(Collected data)

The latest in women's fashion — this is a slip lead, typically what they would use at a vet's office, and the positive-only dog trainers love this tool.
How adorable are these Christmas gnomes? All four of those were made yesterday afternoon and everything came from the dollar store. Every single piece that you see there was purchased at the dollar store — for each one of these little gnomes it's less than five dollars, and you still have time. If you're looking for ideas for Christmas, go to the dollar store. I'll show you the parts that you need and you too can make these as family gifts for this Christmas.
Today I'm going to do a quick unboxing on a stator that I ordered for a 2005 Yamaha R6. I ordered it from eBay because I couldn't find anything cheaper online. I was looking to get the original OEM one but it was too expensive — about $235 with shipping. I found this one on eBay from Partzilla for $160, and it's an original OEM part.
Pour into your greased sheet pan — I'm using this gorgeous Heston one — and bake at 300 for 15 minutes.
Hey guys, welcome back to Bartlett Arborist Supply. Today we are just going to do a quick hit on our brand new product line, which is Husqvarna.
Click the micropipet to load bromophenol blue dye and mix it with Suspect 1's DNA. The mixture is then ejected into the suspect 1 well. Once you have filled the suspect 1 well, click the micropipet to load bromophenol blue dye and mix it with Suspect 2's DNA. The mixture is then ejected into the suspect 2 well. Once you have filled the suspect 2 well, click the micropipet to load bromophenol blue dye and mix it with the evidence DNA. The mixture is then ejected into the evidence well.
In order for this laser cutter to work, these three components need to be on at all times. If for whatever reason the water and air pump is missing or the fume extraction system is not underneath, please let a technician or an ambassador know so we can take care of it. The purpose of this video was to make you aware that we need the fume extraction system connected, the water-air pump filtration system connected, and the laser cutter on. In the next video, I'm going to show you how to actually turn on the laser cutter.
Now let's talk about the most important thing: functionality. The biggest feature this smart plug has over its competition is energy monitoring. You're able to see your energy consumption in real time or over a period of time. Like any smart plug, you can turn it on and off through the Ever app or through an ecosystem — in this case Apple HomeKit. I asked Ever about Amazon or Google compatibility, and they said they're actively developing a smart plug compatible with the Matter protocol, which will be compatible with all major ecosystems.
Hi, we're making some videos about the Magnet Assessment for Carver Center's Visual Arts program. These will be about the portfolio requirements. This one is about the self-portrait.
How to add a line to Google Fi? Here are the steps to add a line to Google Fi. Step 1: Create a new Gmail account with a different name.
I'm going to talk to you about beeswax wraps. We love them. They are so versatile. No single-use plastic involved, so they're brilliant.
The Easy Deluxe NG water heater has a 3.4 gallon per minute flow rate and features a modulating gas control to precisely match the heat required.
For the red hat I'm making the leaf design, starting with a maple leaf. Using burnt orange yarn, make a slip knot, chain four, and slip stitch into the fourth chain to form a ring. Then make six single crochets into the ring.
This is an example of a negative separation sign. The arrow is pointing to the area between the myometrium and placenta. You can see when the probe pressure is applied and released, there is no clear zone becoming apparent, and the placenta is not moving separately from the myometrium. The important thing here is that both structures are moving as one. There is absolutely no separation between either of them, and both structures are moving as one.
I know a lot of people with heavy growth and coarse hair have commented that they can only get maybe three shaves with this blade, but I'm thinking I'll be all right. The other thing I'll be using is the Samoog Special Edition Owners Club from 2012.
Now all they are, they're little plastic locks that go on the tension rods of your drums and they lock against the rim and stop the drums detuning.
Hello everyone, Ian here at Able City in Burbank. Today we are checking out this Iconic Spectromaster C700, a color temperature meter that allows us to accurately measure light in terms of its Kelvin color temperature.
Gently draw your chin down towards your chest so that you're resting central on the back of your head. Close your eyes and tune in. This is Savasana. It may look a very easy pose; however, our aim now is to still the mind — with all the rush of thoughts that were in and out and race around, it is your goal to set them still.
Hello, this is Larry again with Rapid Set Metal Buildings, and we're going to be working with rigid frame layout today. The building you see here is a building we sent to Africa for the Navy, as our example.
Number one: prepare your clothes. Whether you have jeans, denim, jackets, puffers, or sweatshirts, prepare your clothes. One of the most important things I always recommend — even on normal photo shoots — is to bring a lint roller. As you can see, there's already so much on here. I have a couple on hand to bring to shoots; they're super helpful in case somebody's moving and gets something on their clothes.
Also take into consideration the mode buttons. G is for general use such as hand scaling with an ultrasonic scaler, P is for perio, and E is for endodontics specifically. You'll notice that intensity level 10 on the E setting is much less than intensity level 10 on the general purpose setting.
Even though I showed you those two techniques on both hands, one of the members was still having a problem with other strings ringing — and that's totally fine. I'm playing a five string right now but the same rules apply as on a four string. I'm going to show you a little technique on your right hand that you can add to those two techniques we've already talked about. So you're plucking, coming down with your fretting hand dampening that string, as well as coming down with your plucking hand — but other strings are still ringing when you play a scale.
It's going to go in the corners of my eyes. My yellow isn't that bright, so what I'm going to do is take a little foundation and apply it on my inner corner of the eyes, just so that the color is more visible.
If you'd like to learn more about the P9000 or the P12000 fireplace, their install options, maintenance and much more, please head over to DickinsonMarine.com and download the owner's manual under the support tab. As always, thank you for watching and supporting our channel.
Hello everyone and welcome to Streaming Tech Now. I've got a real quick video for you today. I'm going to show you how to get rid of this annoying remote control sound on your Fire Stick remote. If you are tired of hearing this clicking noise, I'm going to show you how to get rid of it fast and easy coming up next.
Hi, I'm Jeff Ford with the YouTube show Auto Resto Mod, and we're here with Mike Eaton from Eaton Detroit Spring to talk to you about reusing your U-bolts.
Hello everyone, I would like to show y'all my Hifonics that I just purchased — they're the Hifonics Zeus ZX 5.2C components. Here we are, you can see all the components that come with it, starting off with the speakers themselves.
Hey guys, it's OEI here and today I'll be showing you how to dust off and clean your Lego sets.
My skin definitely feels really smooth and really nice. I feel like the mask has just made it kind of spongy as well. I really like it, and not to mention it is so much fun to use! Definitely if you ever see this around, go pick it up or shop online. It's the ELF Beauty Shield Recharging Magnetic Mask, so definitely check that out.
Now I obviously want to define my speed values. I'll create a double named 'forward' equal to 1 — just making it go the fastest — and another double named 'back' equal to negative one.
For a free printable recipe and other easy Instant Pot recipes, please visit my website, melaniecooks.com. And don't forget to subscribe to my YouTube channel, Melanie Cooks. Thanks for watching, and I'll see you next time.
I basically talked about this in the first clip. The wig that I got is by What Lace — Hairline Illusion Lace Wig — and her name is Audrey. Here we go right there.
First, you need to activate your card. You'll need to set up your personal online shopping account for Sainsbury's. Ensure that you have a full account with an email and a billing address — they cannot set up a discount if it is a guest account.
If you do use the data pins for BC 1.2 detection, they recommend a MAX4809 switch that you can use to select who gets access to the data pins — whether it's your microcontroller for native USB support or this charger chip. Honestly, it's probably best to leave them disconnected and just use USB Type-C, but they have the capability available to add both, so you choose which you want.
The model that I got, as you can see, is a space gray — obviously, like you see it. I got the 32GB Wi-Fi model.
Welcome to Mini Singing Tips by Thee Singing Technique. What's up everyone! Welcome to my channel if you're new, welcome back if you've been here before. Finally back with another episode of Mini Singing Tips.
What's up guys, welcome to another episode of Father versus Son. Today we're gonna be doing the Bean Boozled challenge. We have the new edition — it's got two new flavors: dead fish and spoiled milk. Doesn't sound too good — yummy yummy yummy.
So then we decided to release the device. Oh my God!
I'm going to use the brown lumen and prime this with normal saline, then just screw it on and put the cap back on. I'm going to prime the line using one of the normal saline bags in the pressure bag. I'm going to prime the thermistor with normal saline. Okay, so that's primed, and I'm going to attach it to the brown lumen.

-- Required work --
Could I ask you to return the records exactly and in full?

-- Task solution --
The latest in women's fashion — this is a slip lead, typically what they would use at a vet's office, and the positive-only dog trainers love this tool.
How adorable are these Christmas gnomes? All four of those were made yesterday afternoon and everything came from the dollar store. Every single piece that you see there was purchased at the dollar store — for each one of these little gnomes it's less than five dollars, and you still have time. If you're looking for ideas for Christmas, go to the dollar store. I'll show you the parts that you need and you too can make these as family gifts for this Christmas.
Today I'm going to do a quick unboxing on a stator that I ordered for a 2005 Yamaha R6. I ordered it from eBay because I couldn't find anything cheaper online. I was looking to get the original OEM one but it was too expensive — about $235 with shipping. I found this one on eBay from Partzilla for $160, and it's an original OEM part.
Pour into your greased sheet pan — I'm using this gorgeous Heston one — and bake at 300 for 15 minutes.
Hey guys, welcome back to Bartlett Arborist Supply. Today we are just going to do a quick hit on our brand new product line, which is Husqvarna.
Click the micropipet to load bromophenol blue dye and mix it with Suspect 1's DNA. The mixture is then ejected into the suspect 1 well. Once you have filled the suspect 1 well, click the micropipet to load bromophenol blue dye and mix it with Suspect 2's DNA. The mixture is then ejected into the suspect 2 well. Once you have filled the suspect 2 well, click the micropipet to load bromophenol blue dye and mix it with the evidence DNA. The mixture is then ejected into the evidence well.
In order for this laser cutter to work, these three components need to be on at all times. If for whatever reason the water and air pump is missing or the fume extraction system is not underneath, please let a technician or an ambassador know so we can take care of it. The purpose of this video was to make you aware that we need the fume extraction system connected, the water-air pump filtration system connected, and the laser cutter on. In the next video, I'm going to show you how to actually turn on the laser cutter.
Now let's talk about the most important thing: functionality. The biggest feature this smart plug has over its competition is energy monitoring. You're able to see your energy consumption in real time or over a period of time. Like any smart plug, you can turn it on and off through the Ever app or through an ecosystem — in this case Apple HomeKit. I asked Ever about Amazon or Google compatibility, and they said they're actively developing a smart plug compatible with the Matter protocol, which will be compatible with all major ecosystems.
Hi, we're making some videos about the Magnet Assessment for Carver Center's Visual Arts program. These will be about the portfolio requirements. This one is about the self-portrait.
How to add a line to Google Fi? Here are the steps to add a line to Google Fi. Step 1: Create a new Gmail account with a different name.
I'm going to talk to you about beeswax wraps. We love them. They are so versatile. No single-use plastic involved, so they're brilliant.
The Easy Deluxe NG water heater has a 3.4 gallon per minute flow rate and features a modulating gas control to precisely match the heat required.
For the red hat I'm making the leaf design, starting with a maple leaf. Using burnt orange yarn, make a slip knot, chain four, and slip stitch into the fourth chain to form a ring. Then make six single crochets into the ring.
This is an example of a negative separation sign. The arrow is pointing to the area between the myometrium and placenta. You can see when the probe pressure is applied and released, there is no clear zone becoming apparent, and the placenta is not moving separately from the myometrium. The important thing here is that both structures are moving as one. There is absolutely no separation between either of them, and both structures are moving as one.
I know a lot of people with heavy growth and coarse hair have commented that they can only get maybe three shaves with this blade, but I'm thinking I'll be all right. The other thing I'll be using is the Samoog Special Edition Owners Club from 2012.
Now all they are, they're little plastic locks that go on the tension rods of your drums and they lock against the rim and stop the drums detuning.
Hello everyone, Ian here at Able City in Burbank. Today we are checking out this Iconic Spectromaster C700, a color temperature meter that allows us to accurately measure light in terms of its Kelvin color temperature.
Gently draw your chin down towards your chest so that you're resting central on the back of your head. Close your eyes and tune in. This is Savasana. It may look a very easy pose; however, our aim now is to still the mind — with all the rush of thoughts that were in and out and race around, it is your goal to set them still.
Hello, this is Larry again with Rapid Set Metal Buildings, and we're going to be working with rigid frame layout today. The building you see here is a building we sent to Africa for the Navy, as our example.
Number one: prepare your clothes. Whether you have jeans, denim, jackets, puffers, or sweatshirts, prepare your clothes. One of the most important things I always recommend — even on normal photo shoots — is to bring a lint roller. As you can see, there's already so much on here. I have a couple on hand to bring to shoots; they're super helpful in case somebody's moving and gets something on their clothes.
Also take into consideration the mode buttons. G is for general use such as hand scaling with an ultrasonic scaler, P is for perio, and E is for endodontics specifically. You'll notice that intensity level 10 on the E setting is much less than intensity level 10 on the general purpose setting.
Even though I showed you those two techniques on both hands, one of the members was still having a problem with other strings ringing — and that's totally fine. I'm playing a five string right now but the same rules apply as on a four string. I'm going to show you a little technique on your right hand that you can add to those two techniques we've already talked about. So you're plucking, coming down with your fretting hand dampening that string, as well as coming down with your plucking hand — but other strings are still ringing when you play a scale.
It's going to go in the corners of my eyes. My yellow isn't that bright, so what I'm going to do is take a little foundation and apply it on my inner corner of the eyes, just so that the color is more visible.
If you'd like to learn more about the P9000 or the P12000 fireplace, their install options, maintenance and much more, please head over to DickinsonMarine.com and download the owner's manual under the support tab. As always, thank you for watching and supporting our channel.
Hello everyone and welcome to Streaming Tech Now. I've got a real quick video for you today. I'm going to show you how to get rid of this annoying remote control sound on your Fire Stick remote. If you are tired of hearing this clicking noise, I'm going to show you how to get rid of it fast and easy coming up next.
Hi, I'm Jeff Ford with the YouTube show Auto Resto Mod, and we're here with Mike Eaton from Eaton Detroit Spring to talk to you about reusing your U-bolts.
Hello everyone, I would like to show y'all my Hifonics that I just purchased — they're the Hifonics Zeus ZX 5.2C components. Here we are, you can see all the components that come with it, starting off with the speakers themselves.
Hey guys, it's OEI here and today I'll be showing you how to dust off and clean your Lego sets.
My skin definitely feels really smooth and really nice. I feel like the mask has just made it kind of spongy as well. I really like it, and not to mention it is so much fun to use! Definitely if you ever see this around, go pick it up or shop online. It's the ELF Beauty Shield Recharging Magnetic Mask, so definitely check that out.
Now I obviously want to define my speed values. I'll create a double named 'forward' equal to 1 — just making it go the fastest — and another double named 'back' equal to negative one.
For a free printable recipe and other easy Instant Pot recipes, please visit my website, melaniecooks.com. And don't forget to subscribe to my YouTube channel, Melanie Cooks. Thanks for watching, and I'll see you next time.
I basically talked about this in the first clip. The wig that I got is by What Lace — Hairline Illusion Lace Wig — and her name is Audrey. Here we go right there.
First, you need to activate your card. You'll need to set up your personal online shopping account for Sainsbury's. Ensure that you have a full account with an email and a billing address — they cannot set up a discount if it is a guest account.
If you do use the data pins for BC 1.2 detection, they recommend a MAX4809 switch that you can use to select who gets access to the data pins — whether it's your microcontroller for native USB support or this charger chip. Honestly, it's probably best to leave them disconnected and just use USB Type-C, but they have the capability available to add both, so you choose which you want.
The model that I got, as you can see, is a space gray — obviously, like you see it. I got the 32GB Wi-Fi model.
Welcome to Mini Singing Tips by Thee Singing Technique. What's up everyone! Welcome to my channel if you're new, welcome back if you've been here before. Finally back with another episode of Mini Singing Tips.
What's up guys, welcome to another episode of Father versus Son. Today we're gonna be doing the Bean Boozled challenge. We have the new edition — it's got two new flavors: dead fish and spoiled milk. Doesn't sound too good — yummy yummy yummy.
So then we decided to release the device. Oh my God!
I'm going to use the brown lumen and prime this with normal saline, then just screw it on and put the cap back on. I'm going to prime the line using one of the normal saline bags in the pressure bag. I'm going to prime the thermistor with normal saline. Okay, so that's primed, and I'm going to attach it to the brown lumen.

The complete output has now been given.